Thank you for the explanation. I do understand, and you want to keep the person you love but without the ‘certain behaviours’ but sadly, adults rarely change, even if they really want to.
I spent over 13 years believing that if I loved him enough he would be the lovely, charming man I met ALL the time instead of when it suited him. Eventually I realised he wasn’t ever going to change and I cut my losses. Much happier on my own, without the uncertainty!

That must have been really hard, and you must have had such strength. I'm glad it's worked out.

I watched my mum offer chance after chance for years. The behaviour she was dealing with was different but the resulting unhappiness, distrust, uncertainty etc are the same. I refuse to spend my life like that, it's just not what I want for me.

OP posts:
stayathomer · 19/08/2024 17:36

Sorry to hear this op, if it’s something you absolutely cannot live with but he can’t not do, that’s so sad, especially if you both love each other and are an otherwise happy family. Hope everything works out for you x

statusquochangeneeded · 19/08/2024 18:13

No experience here but wanted to say well done sticking up for yourself, and I hope your ultimatum works or you're strong enough to follow through.

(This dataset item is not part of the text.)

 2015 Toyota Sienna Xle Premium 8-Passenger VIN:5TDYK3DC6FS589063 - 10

My mum was with an addict for most of my teens. He didn't get violent or abusive or anything. He wasn't even that duplicitous about it. He also had a decent enough income to be able to afford his habits. But it affected their relationship in several ways, and ultimately after years of her saying she didn't like it, him promising to be better etc, she left him and was much better for it. It was hard, but worth it for her in the end. Like you say, it's up to them how they live but it's up to you what you put up with and pay witness to. Not that I know your situation, but it sounds similar if it isn't abuse/is something he is doing to himself that you don't want to watch.

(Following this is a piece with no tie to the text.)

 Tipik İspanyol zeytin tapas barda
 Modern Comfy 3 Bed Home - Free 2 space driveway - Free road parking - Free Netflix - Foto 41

Dollarydoos · 19/08/2024 19:49

I honestly just have no idea how this is going to work. What we have jointly in savings doesn't even cover a month of childcare, mortgage, bills, food etc. Individually we have an absolute pittance. Renting costs in my area are astronomical, if you can even get anywhere as they're snapped up in moments. We've been considering a move out of the city due to the costs of things, but then my expected income would also adjust accordingly.

What a headache. Kudos to all those who have made this leap. It's bloody daunting even just considering it.